Ainsi, dans la plénitude de notre nature, nous ne sommes pas divisibles. Il s'ensuit que tout entiers, corps, âme et esprit, nous sommes appelés à nous sanctifier. C'est ce que le christianisme oriental a toujours prêché, et que, parmi ses saints, Grégoire Palamas a révélé dans la plus grande clarté, dans la plus grande lumière peut-on dire, celle du Mont Thabor.
Pour la tradition hésychaste et pour son chantre, saint Grégoire, l'unité de la nature humaine va de soi. Aucune partie de cette nature n'est exclue de l'union avec Dieu, non seulement l'esprit, mais l'âme et le corps. L'expérience spirituelle hésychaste surmonte les oppositions de l'antique philosophie entre corps et esprit. Aux arguties des scolastiques, saint Grégoire pouvait répondre : « Toute parole peut contester une autre parole, mais quelle parole peut contester la vie ? » Le Christ ne dit-Il pas de Lui-même qu'Il est « le chemin, la vérité et la vie »?
L'expérience de l'Église et celle de saint Grégoire en particulier sont là pour montrer que l'homme tout entier peut participer non seulement à la sanctification, mais à la déification, à la transfiguration, dans la lumière incréée. Les hésychastes ont reçu la grâce de connaître cette expérience de la lumière thaborique, corps et esprit, celle-là même que vécurent Pierre, Jacques et Jean. Au nom de saint Grégoire Palamas, on peut associer ceux de saint Syméon le Nouveau Théologien et de saint Séraphim de Sarov, pour ce qui est des saints dont nous avons un témoignage écrit. Mais combien d'autres ne sont-ils pas entrés aussi dans la lumière de la connaissance de la divinité du Christ !

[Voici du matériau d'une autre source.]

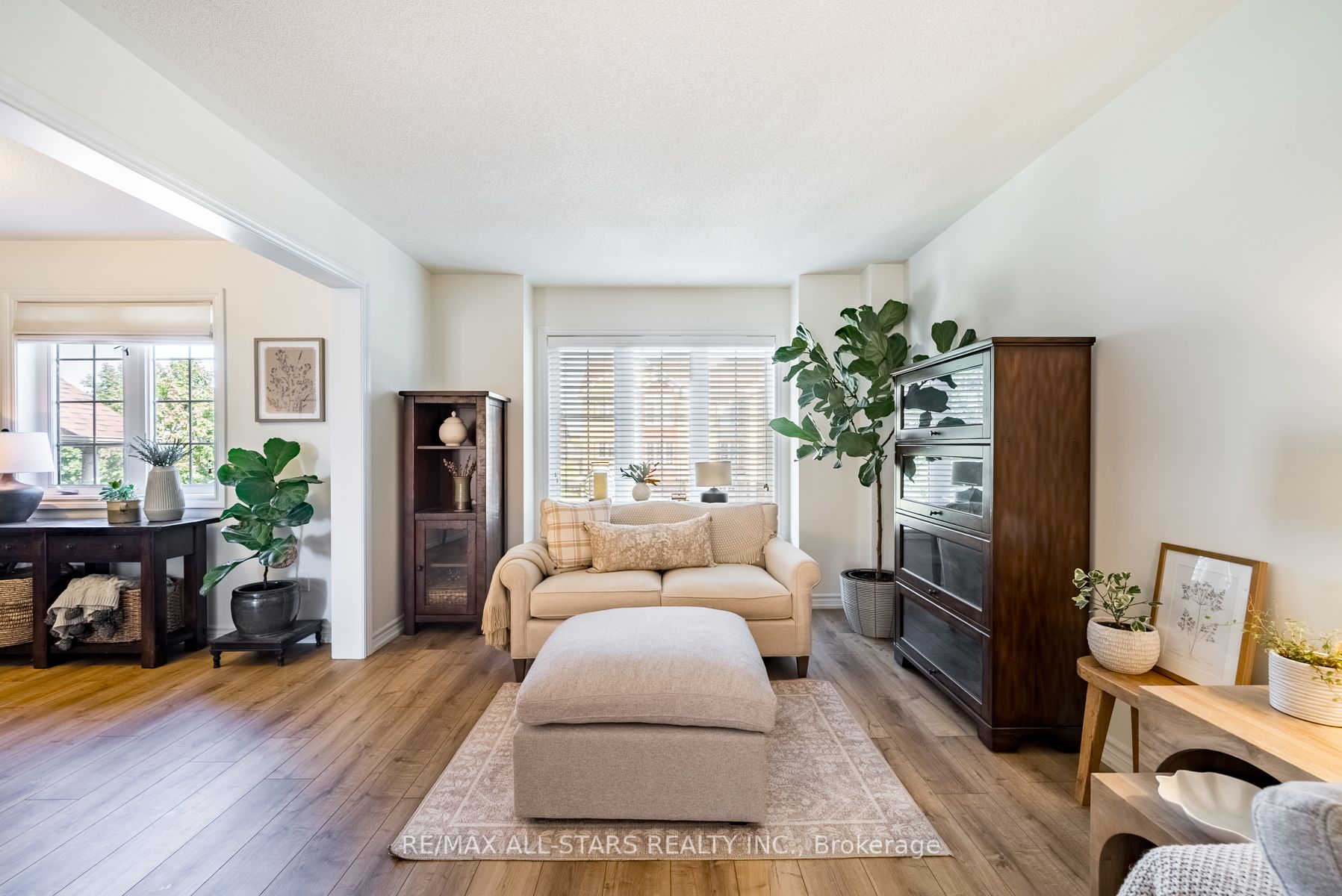75 Gail Parks Cres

La relation de telles expériences n'est pas pour satisfaire une vaine curiosité. C'est l'affirmation pour nous tous de la réalité et de la possibilité, dès ce monde-ci, de la transfiguration et de la déification de notre être tout entier, nature et personne. C'est la démonstration de la réalité présente du Royaume encore à venir, en tous ceux qui reçoivent le Christ comme chemin, vérité et vie. Il est vraiment la lumière du monde.
La possibilité de communier à la lumière incréée n'a pas pour seule fin de stimuler notre foi, elle ouvre aussi les yeux du cœur sur l'amour de Dieu. À la limite il est plus important de comprendre et d'entrer dans cet amour du Christ, dont rien ne peut nous séparer, ni la mort, ni la vie, ni la peur de la mort, ni les craintes de la vie. Quand Jésus guérit le paralytique, Sa Gloire est masquée et ses opposants n'étaient pas tenus de la voir. Mais Son amour pour le malade était totalement présent, offert, donné, et les scribes eussent dû le ressentir. Mais là aussi, dans l'unité de leur esprit et de leur cœur fermés, ils étaient totalement aveugles, incapables de saisir la charité du Christ, l'amour et le pardon de Dieu.
Il ne faut pas qu'il en soit de même aujourd'hui pour nous. À Pâques nous découvrirons dans les lumières de l'Église l'annonce et la figure de la lumière du Royaume. Mais c'est dès maintenant, en ce Carême, qu'il nous faut découvrir l'amour de Dieu pour tous, pour le monde en son entier, et le manifester autour de nous. Exerçons-nous donc à cet amour réciproque, dans la justice et la vérité, car, dit saint Jean, ce sont ceux qui aiment leurs frères qui demeurent dans la lumière.